When adapting a tool, especially a complicated one like PowerPoint, we must consider what the tool's first purpose is. Is its stated purpose the same as the purpose for which it is generally used? In adapting it for a new purpose, will there be unintended consequences? PowerPoint’s first purpose is as tool to aid in the creation “of exciting slide shows with graphics, animations, and multimedia—and make them easier to present.” And that is the way presenters attempt to use it for the most part. People who are attempting to sell an idea or present a new business model or give a pep-talk love it. It keeps them on track, allows them to organize notes and generally takes the audiences focus off of them and puts it on the screen. A series of PowerPoint slides is a way to control the scope of a presentation and also control an audience.

 

Edward Tufte, the noted information design expert and Professor Emeritus at Yale University says in his essay, The Cognitive Style of PowerPoint, that “PowerPoint is entirely presenter-oriented, and not content-oriented, not audience-oriented.” The PowerPoint presentation is generally loved by presenters but almost universally hated by the audiences subjected to them. It is easy to build a PowerPoint presentation. Microsoft has all sorts of templates and animations that you can use. The problem is that they’ve made it too easy. Any idiot can build a PowerPoint Presentation and just about every idiot does. When you don’t have a background in design in general, and information design in particular, you may be able to put stuff down on paper or on a slide to great effect. With Microsoft helping you, you're liable to take something you could have elucidated on your own and turn it into an information abortion.

 

The key problem with PowerPoint is that as a medium, it embodies (or perhaps disembodies) a message that goes against the grain of the Gospel proclamation. Its associations with use in sales and business are one aspect of this. And how it engages us as a medium is another.

 

A Medium of Exchange

 

So then, the stated purpose is that PowerPoint will help you to get through material that you are presenting in a business meeting. It is an accepted and expected form of boardroom communication (emphasis on the “board” part). However, what it generally gets used for is not a rich critical analysis of business models but to sell stuff in a “rah, rah” fashion. This has led to the general conclusion among business people that if the guy up front is using PowerPoint, he is generally trying to sell you a product or a plan in a condescending fashion while obfuscating the true nature of the pitch or the thing he’s pitching.
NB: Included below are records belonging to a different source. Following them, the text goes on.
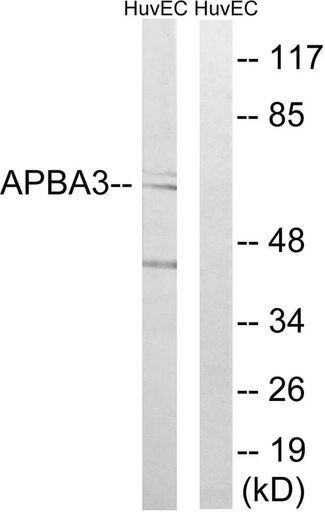 Antibodie to-APBA3 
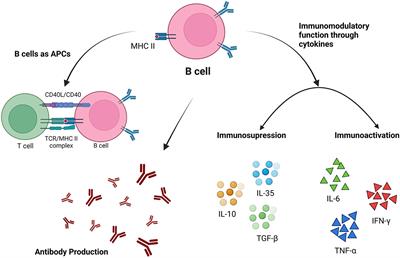 Current understanding of the immune potential of B-cell subsets in malarial pathogenesis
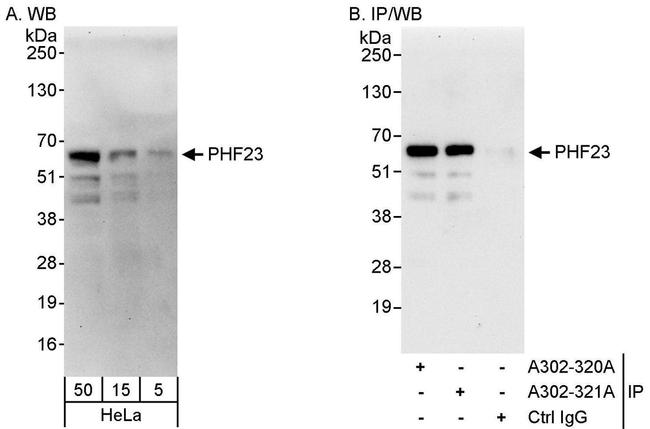 PHF23 Antibody in Western Blot (WB)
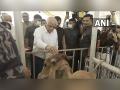 Bhupendra Patel visits lumpy virus vaccination centre as disease spreads out in Gujarat - Hindi News | Bhupendra Patel visits lumpy virus vaccination centre as disease spreads out in Gujarat | Latest national News at Lokmattimes.com
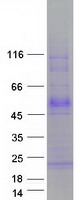 TMEFF1 / Tomoregulin 1 Protein - Purified recombinant protein TMEFF1 was analyzed by SDS-PAGE gel and Coomassie Blue Staining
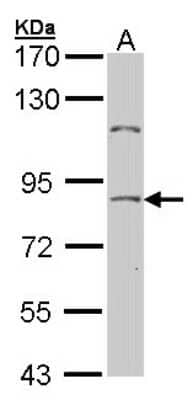 Western Blot NULP1 Antibody - BSA Free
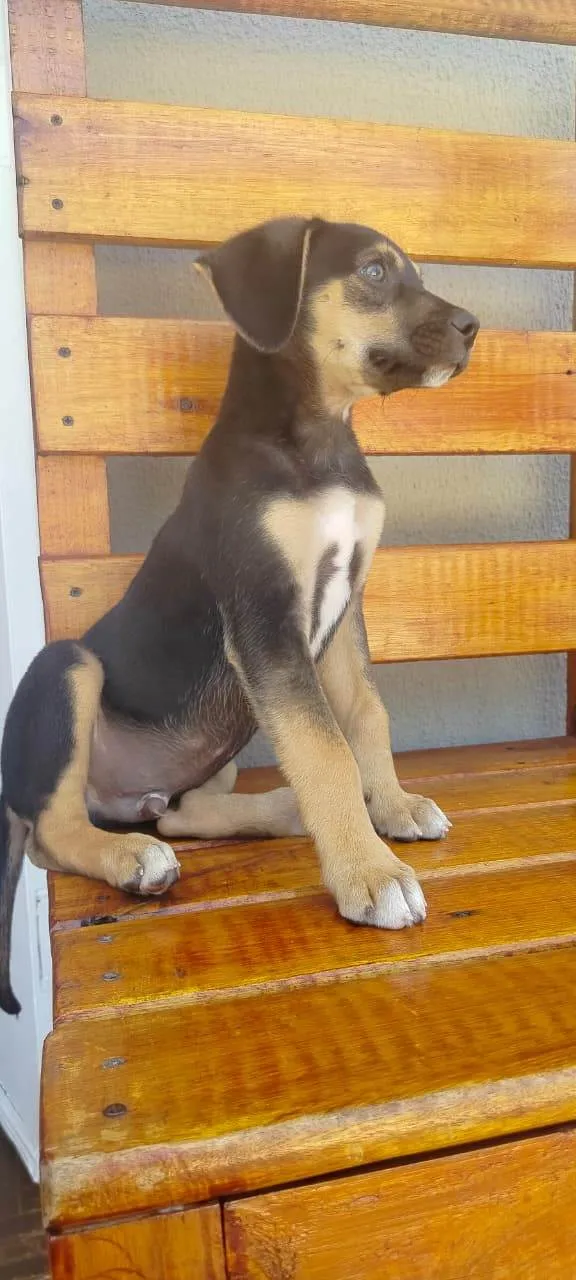 Cachorro raça SRD-ViraLata idade Abaixo de 2 meses nome duque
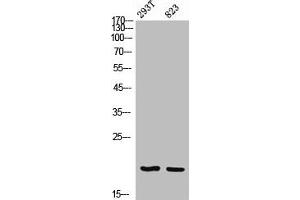 Epigen antibody  (Internal Region)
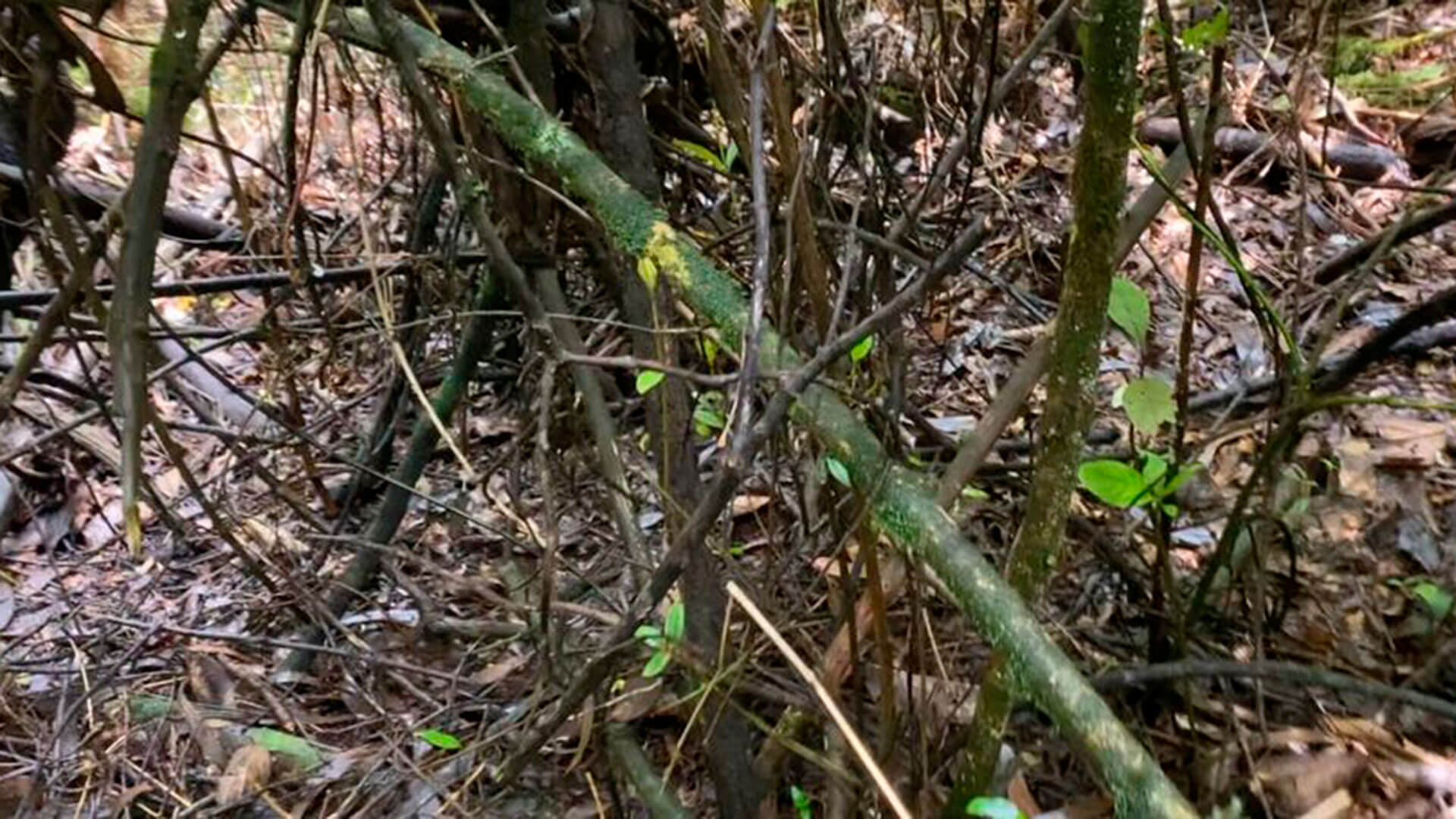 SEMANA llegó al escondite del francotirador que asesinó a un poderoso esmeraldero en el norte de Bogotá. Estas son las impresionantes imágenes - Especiales Semana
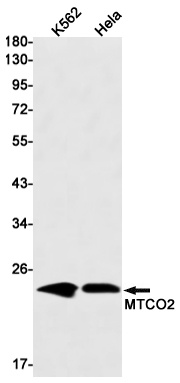MT-CO2 Antibody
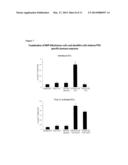 MEANS AND METHODS FOR ACTIVE CELLULAR IMMUNOTHERAPY OF CANCER BY USING     TUMOR CELLS KILLED BY HIGH HYDROSTATIC PRESSURE AND DENDRITIC CELLS diagram and image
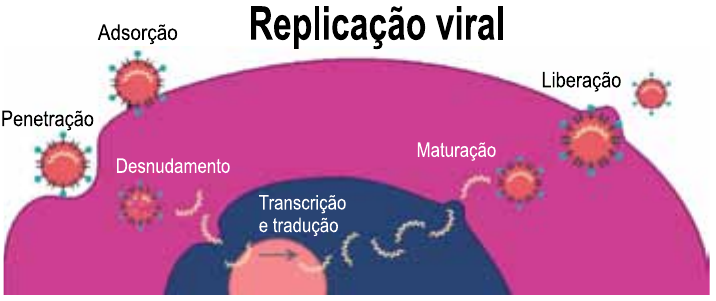 Esquema intitulado “Replicação viral” mostrando uma célula (em rosa, com núcleo azul) e partículas virais com espículas nas etapas indicadas: Adsorção (vírus ligado à superfície da célula), Penetração, Desnudamento, Transcrição e tradução (junto ao núcleo), Maturação e Liberação (vírus saindo da célula).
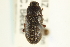 ( - CNC COLEO 00126936)  @11 [ ] CreativeCommons - Attribution (2011) CNC/CBG Photography Group Centre for Biodiversity Genomics
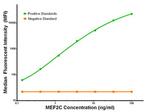 MEF2C Antibody in Luminex (LUM)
Therefore, for all the time and energy that’s spent on them, they are generally hated, distrusted and ignored.

 

Ignored by Association or “Pay no attention to the Man behind the projector.”

 

It doesn’t matter what you are projecting up in the front of the church. It is going to do two things which, while seemingly contradictory, will both occur. You will move the focus of service to the projection, whatever it is (we postmodern people are mesmerized by any type of lighted moving image) and you will move the focus away from the meaning of the text you are projecting (this is at least true for business people who can smell the excreta that permeates the executive boardroom even if they can’t tell you exactly from where it emanates).

 

T.V. Generation

 

Speaking of images on a screen - we are inundated with TV screens, projections, and moving images and words of every sort from every invading medium that Madison Avenue can throw at us and have been all our lives. We’ve been hard wired for this from the time we were able to crawl over to the RCA and plop ourselves down for our weekly dosage of Bugs Bunny cartoons and breakfast cereal hawkers. We have almost no defense for this anymore, and since we swim in it every day, it may take a concerted effort (a whip made of knotted cords, perhaps?) to root it out of the Church. I think making the church building a sanctuary from marauding advertisers and their usual methods is a good idea. Not only should they be absent, but any reminder of them should be absent as well.

Focus

 

I am jealous for the Word and for the Sacraments as they are presented in our liturgy. Lutherans, at their best, have focused all of their ecclesiastical architecture on these two things as well, by using a pulpit, an altar, and a font. Solid things. In a church that isn’t afraid of using symbols and art, a projected, temporary image can, and I believe will, quite literally take the focus off of those solid things which represent our faith so well. Even the cross (or crucifix) usually placed somewhere in the sanctuary of every Lutheran church I’ve attended will fade into the background - hopefully not taking the theology it represents with it.

 

A Minimum of Interchange

 

Thinning Things Out

 

PowerPoint is a very thin medium as compared with a book as Tufte points out, “PP slides projected up on the wall are very low resolution compared to paper.” You only see what the presenter or the limitations of the medium allow you to see. How does this work in a liturgical application? It winds up being a kind of forced spoon-feeding. While it does make it easier to recite a liturgical formula – provided that you aren’t nearsighted or blind – it winds up doing damage to context. You can't look ahead to see what comes next, or look back to see where you've been. Unfortunately, we have been set up by our culture to have a permanent condition of short-term memory loss. We hear and see a constant stream of sound bytes and images – one replacing the other in succession, often with no logical connection whatever. (Neil Postman has noted how we can have a sober conversation of the possibility of nuclear annihilation interrupted by the words "And now this from Burger King!" -- and we don't even consider how bizarre this is when it occurs.) It is dangerous for the Church to play in this arena. While the constantly changing images are very titillating and entertaining, our critical thinking gets thrown off-line. Our faith has a strong cognitive component that we wind up ditching if we insert the liturgy into a PowerPoint presentation.

 

Follow the Bouncing Ball

 

We often adopt things into the church uncritically because they seem to be working elsewhere. The lock-step design of PowerPoint, the relentless progress of a business presentation, would seem to lend itself to liturgy as we get towed along in the wake of corporate worship. I think this is a very wrong way to view Christian worship. It is not something in which the faithful should just flow like a river. Worship is also a job. It is a calling – a vocation. It has an active component rather than being simply passive (Psalm 95, Romans 12:1-2). It is the believer’s response of faith in, and love for Jesus express-ed in a formal way, and doctrine plays a part. The liturgy of the Church should involve every part of us – heart, mind and strength. The Stalinist approach to information in PowerPoint tends to leave the “mind” part out of church worship. It puts people into a passive, “entertainment” mode – even when they’re singing along.

 

"Lord, Help Us Ever to Retain"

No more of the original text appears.